Collected data entries
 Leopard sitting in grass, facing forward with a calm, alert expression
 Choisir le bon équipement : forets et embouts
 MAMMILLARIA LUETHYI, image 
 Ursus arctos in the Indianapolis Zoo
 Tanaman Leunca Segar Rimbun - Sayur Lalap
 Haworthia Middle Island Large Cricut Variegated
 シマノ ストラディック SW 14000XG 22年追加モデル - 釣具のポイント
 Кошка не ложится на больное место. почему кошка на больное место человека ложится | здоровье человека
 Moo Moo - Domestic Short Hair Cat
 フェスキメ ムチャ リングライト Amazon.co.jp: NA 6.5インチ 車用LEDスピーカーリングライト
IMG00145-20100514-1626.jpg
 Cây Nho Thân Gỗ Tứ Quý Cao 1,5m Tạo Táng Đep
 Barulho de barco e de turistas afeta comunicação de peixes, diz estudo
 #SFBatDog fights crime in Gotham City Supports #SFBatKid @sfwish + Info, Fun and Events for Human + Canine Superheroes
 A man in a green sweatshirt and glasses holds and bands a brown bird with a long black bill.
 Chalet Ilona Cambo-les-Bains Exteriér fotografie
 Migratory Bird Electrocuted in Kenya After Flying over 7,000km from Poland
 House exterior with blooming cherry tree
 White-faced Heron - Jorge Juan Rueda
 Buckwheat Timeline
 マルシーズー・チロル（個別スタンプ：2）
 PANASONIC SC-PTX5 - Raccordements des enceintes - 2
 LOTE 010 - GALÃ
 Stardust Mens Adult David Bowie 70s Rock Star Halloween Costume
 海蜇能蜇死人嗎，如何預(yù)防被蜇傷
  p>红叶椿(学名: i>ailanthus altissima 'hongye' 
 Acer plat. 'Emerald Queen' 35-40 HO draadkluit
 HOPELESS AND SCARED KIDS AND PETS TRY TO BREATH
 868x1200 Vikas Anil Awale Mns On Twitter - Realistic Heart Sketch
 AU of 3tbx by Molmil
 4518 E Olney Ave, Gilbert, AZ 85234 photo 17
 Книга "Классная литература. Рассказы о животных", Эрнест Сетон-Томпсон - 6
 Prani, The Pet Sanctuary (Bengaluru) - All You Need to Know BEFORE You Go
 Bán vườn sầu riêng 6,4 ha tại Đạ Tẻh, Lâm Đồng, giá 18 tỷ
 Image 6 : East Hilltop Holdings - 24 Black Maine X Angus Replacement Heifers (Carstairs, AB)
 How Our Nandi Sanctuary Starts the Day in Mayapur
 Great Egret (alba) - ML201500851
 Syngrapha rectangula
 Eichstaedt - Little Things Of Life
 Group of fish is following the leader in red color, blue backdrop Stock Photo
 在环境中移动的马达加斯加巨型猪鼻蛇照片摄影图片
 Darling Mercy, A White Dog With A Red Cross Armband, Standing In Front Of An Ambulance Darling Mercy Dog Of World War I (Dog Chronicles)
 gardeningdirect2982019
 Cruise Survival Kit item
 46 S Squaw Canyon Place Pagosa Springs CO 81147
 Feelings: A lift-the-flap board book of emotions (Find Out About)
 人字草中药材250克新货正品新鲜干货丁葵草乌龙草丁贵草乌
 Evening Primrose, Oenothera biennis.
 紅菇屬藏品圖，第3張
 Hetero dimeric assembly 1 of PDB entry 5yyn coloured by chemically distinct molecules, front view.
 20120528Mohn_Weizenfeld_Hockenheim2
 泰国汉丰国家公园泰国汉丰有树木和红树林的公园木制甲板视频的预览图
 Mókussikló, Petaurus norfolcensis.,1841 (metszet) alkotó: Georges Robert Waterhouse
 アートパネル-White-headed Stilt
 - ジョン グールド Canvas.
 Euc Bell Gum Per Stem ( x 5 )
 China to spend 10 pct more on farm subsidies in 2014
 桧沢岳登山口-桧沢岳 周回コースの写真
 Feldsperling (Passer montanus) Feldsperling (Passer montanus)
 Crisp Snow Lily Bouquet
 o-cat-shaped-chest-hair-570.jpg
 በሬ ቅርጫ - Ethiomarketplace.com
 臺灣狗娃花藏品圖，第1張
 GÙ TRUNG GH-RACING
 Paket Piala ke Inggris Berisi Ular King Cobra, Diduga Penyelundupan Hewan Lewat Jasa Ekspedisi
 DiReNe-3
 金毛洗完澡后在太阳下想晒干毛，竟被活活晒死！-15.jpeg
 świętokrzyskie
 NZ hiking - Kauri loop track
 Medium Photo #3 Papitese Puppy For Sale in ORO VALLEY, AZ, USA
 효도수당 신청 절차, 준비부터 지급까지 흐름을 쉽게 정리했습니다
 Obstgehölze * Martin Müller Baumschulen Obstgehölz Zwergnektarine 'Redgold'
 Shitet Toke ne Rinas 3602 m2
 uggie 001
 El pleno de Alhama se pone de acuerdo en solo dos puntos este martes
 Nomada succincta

• [WHAT NEEDS TO BE DONE] Take the lines above from the one containing "Bán vườn sầu" down to the one containing "桧沢岳登山口-桧沢岳 周回コースの写真", and transcribe them exactly, both ends included.

• [WORKED SOLUTION]
 Bán vườn sầu riêng 6,4 ha tại Đạ Tẻh, Lâm Đồng, giá 18 tỷ
 Image 6 : East Hilltop Holdings - 24 Black Maine X Angus Replacement Heifers (Carstairs, AB)
 How Our Nandi Sanctuary Starts the Day in Mayapur
 Great Egret (alba) - ML201500851
 Syngrapha rectangula
 Eichstaedt - Little Things Of Life
 Group of fish is following the leader in red color, blue backdrop Stock Photo
 在环境中移动的马达加斯加巨型猪鼻蛇照片摄影图片
 Darling Mercy, A White Dog With A Red Cross Armband, Standing In Front Of An Ambulance Darling Mercy Dog Of World War I (Dog Chronicles)
 gardeningdirect2982019
 Cruise Survival Kit item
 46 S Squaw Canyon Place Pagosa Springs CO 81147
 Feelings: A lift-the-flap board book of emotions (Find Out About)
 人字草中药材250克新货正品新鲜干货丁葵草乌龙草丁贵草乌
 Evening Primrose, Oenothera biennis.
 紅菇屬藏品圖，第3張
 Hetero dimeric assembly 1 of PDB entry 5yyn coloured by chemically distinct molecules, front view.
 20120528Mohn_Weizenfeld_Hockenheim2
 泰国汉丰国家公园泰国汉丰有树木和红树林的公园木制甲板视频的预览图
 Mókussikló, Petaurus norfolcensis.,1841 (metszet) alkotó: Georges Robert Waterhouse
 アートパネル-White-headed Stilt
 - ジョン グールド Canvas.
 Euc Bell Gum Per Stem ( x 5 )
 China to spend 10 pct more on farm subsidies in 2014
 桧沢岳登山口-桧沢岳 周回コースの写真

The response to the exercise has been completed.